- [SOURCE MATERIAL]
-- Opening Marker --
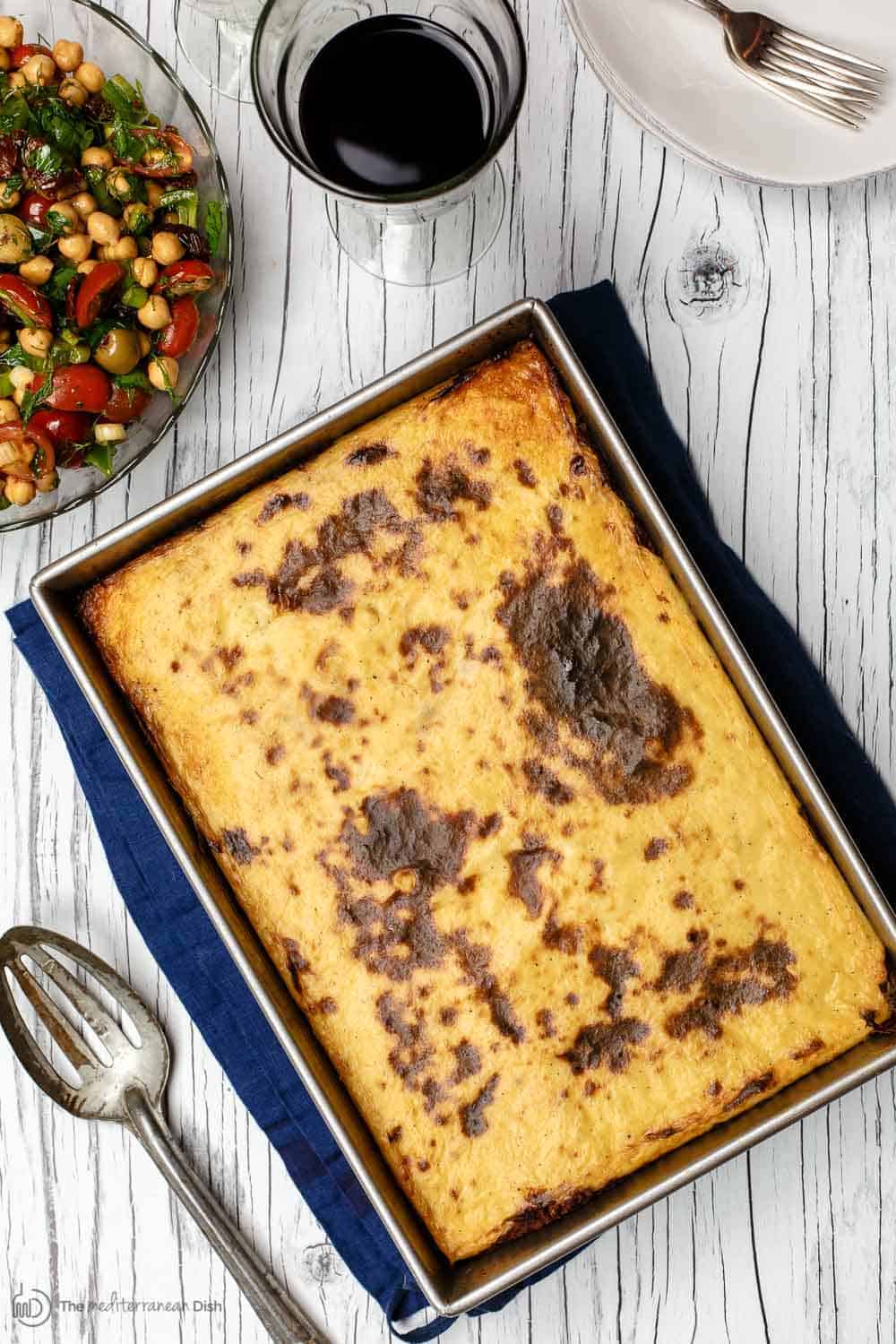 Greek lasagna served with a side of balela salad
-- Closing Marker --
-- Opening Marker --
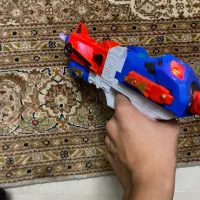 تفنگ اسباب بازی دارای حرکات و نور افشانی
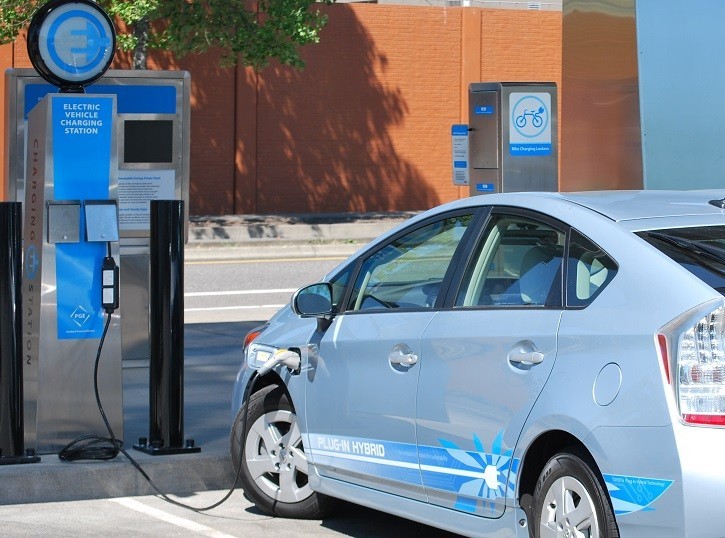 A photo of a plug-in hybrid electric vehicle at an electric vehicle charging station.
-- Closing Marker --
-- Opening Marker --
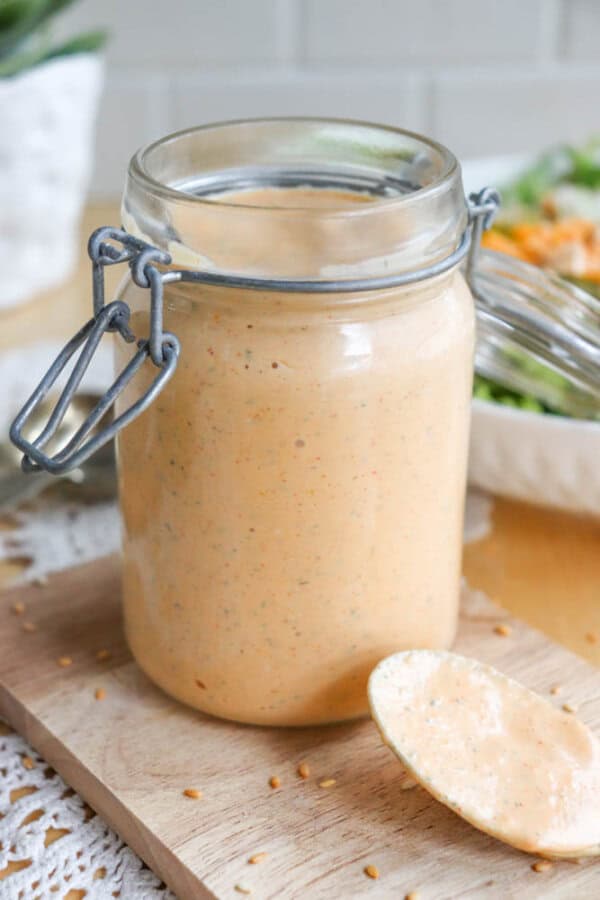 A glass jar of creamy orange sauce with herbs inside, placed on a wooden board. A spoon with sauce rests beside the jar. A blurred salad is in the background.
-- Closing Marker --
From the data above, return only the lines starting at the line that holds "تفنگ اسباب بازی دارای حرکات و نور افشانی" and ending at the line that holds "A photo of a", word for word and without pictures.

- [RESPONSE TO THIS EXERCISE]
 تفنگ اسباب بازی دارای حرکات و نور افشانی
 A photo of a plug-in hybrid electric vehicle at an electric vehicle charging station.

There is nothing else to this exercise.